Planning a wedding in a country that isn’t the United States proved to be an interesting challenge.

Thankfully, my husband did a lot of the verbal and written work, negotiating the church, minister, ceremony, organist, and reception via email and phone.


My perfect bouquet, crafted by my mother.

My mother is a professional wedding planner in Texas, where the wedding business is something like a billion dollar industry with lawyers and contracts and a lot of crying. When you have a wedding, you have any number of vendors working for you for a premium, and they all have different needs, and you have to sign a lot of papers that say you will or won’t do this or that, or you will be out by such-and-such time, or you have two hours to set up and not one second more.

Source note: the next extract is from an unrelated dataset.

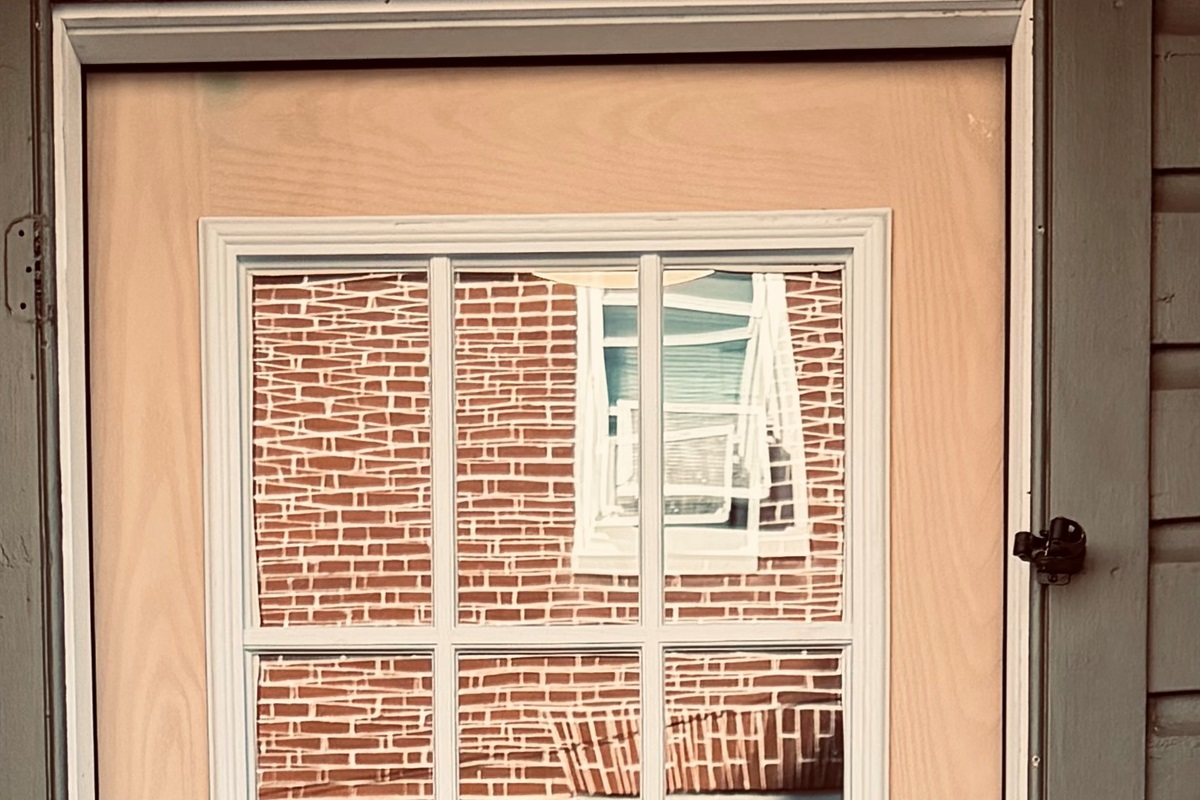 Side Door Entrance with Smart Lock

As I found out along the way, Norway is a completely different story. The reception venue, the church, the photographer (all of which were wonderful, by the way) — we didn’t sign a contract for any of these. Some emails went back and forth, some phone calls happened, and that was it. We had a church. We had an organist and a church servant and a minister. We had a reception venue with a plated steak dinner, and hey, they even threw in some floral decor for no additional cost. Not only that, but even though we told them we wanted to be done by 7:30pm, they told us we could stay as long as we wanted and they would keep the bar open for our guests. They profit, we hang out longer, everyone wins.


The Slagen Kirke altar area

There were challenges of course, as I mentioned. The area where I was particularly baffled was the terminology. I couldn’t find a central, all-inclusive etiquette guide for Norwegian weddings anywhere. In the United States, I’m pretty sure any Barnes & Noble Bookstore is going to have an entire section dedicated to wedding planning, including volumes of worksheets and fill-it-in planners. The internet abounds with guides for American weddings. All I wanted was to know what people usually put in the program, and what all that stuff is called in Norwegian.

Perhaps (or perhaps not), then, my calling is to make such a site. There are websites that have a few venues listed in this or that town, and a review or two, and some slightly blurry photos, and some kind of skewed budget estimator, but that was all I could find. Norwegian wedding program templates were definitely hiding somewhere as yet uncovered. There also exists a forum site where Norwegian brides can ask questions and get help, but I didn’t find it particularly insightful for my personal needs.

Maybe a series of posts is in order, detailing how to plan a wedding in Norway. Maybe not. Regardless, it was so beautiful, and involved far less money and crying than planning a wedding in the United States.